Along with this superb narrative are fifteen pages of color plates – including 1941-1942 color photos – and dozens of contemporary B&W photos. The photos are interspersed throughout the book, and accompany a narrative that focuses on the personalities – the pilots and ground crewmen – who made up the Flying Tigers, as well as their oft-reported combat operations.
While the book focuses more on markings than on aerial combat, it does note that in exchange for the loss from all causes of 20 combat pilots, the AVG racked up a confirmed kill rate of 296 Japanese aircraft, including many victories over Ki-43 Oscars (the equal, in speed and maneuverability, to the better-known Zero) flown by some of the premier fighter jocks of the Imperial Japanese Army Air Force. To all causes, the AVG lost about 70 of their 99 original Tomahawks – though more were lost to training accidents than to combat, and most combat losses were either planes bombed on the ground or shot-up Tomahawks that brought their pilots home before being turned into spare-parts bins.
At a time when the Japanese were clearing the sky of Allied planes over Hawaii, the Philippines, Java, Singapore and Western Australia, the relative handful of AVG Tomahawks – and an even smaller contingent of RAF Buffalos and Hurricanes – stood up to the largest aerial armadas to be seen in the Pacific before the start of the great Carrier battles of 1944, and gave better than they got. Much better!
In many cases during the defense of Rangoon, a dozen or so AVG Tomahawks and another dozen RAF fighters – including the often-maligned Buffalos – would rise to fight air fleets of 150, 200 or more Japanese fighters and bombers. While the Allies were too few in number to inflict losses sufficient to deter the Japanese – who seemed to have a near-endless supply of replacements – these AVG and RAF forces inflicted damage all out of proportion to their numbers, and lived to fight another day. And another day. And yet another day – in the case of the AVG, for six long months.
Even if you cut their victory numbers in half – an unjustified move, in my opinion, since so many AVG kills were confirmed by wreckage that fell in Allied territory or into occupied China were loyal partisans eagerly confirmed the victories – the AVG scored in combat at a trade-off rate that wasn’t matched by the Allies until Hellcats and Corsairs took to the skies in overwhelming numbers more than two years later. With vastly superior numbers – and vastly superior combat planes – it’s relatively easy to rack up impressive victory totals. When outnumbered 10-to-1 – or even 20-to-1 – while flying against combat-tested veterans … when flying planes the world considers obsolescent, if not down-right obsolete – survival alone is remarkable. But to score a 5-to-1 victory margin over a confident and skilled enemy at the peak of his strength and power is all but unbelievable.

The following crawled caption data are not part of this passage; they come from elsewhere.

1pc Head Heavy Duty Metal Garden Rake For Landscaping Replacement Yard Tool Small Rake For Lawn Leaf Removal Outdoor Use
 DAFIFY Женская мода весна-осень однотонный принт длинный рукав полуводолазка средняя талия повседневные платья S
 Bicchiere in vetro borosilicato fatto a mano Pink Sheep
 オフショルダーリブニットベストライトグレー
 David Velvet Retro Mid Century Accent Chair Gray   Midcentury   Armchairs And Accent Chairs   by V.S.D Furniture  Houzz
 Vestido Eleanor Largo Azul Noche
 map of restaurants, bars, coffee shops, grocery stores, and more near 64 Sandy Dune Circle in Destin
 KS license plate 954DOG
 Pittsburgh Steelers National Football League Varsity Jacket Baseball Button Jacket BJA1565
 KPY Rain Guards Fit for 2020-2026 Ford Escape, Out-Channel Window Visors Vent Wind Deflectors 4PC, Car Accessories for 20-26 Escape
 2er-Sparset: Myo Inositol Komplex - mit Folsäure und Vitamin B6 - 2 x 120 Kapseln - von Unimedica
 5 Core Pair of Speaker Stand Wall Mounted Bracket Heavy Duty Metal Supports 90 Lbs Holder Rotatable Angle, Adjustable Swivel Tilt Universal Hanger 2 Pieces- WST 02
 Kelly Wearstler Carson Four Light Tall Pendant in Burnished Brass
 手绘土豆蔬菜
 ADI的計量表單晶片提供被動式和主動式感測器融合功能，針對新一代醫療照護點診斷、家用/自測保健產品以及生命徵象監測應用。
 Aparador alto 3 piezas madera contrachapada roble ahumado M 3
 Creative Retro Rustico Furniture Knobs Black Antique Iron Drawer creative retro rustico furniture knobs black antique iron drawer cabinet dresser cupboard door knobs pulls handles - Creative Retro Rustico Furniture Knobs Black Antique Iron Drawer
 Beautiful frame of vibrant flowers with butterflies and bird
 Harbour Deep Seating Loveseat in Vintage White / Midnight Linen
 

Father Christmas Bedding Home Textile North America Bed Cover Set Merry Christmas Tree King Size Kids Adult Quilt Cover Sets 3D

But, in the case of the AVG, the unbelievable was all in a day’s work.
This detailed, superbly-illustrated 96-page book is pure Osprey, which in this case is a good thing – Osprey has a strong track-record of producing books that add real value to both the amateur historian and the avid modeler. Since I have a particular affinity for modeling early-model P-40s, this book has proven especially interesting and useful – but anybody with an interest in the Flying Tigers or in modeling the Tomahawk will find real value in this book.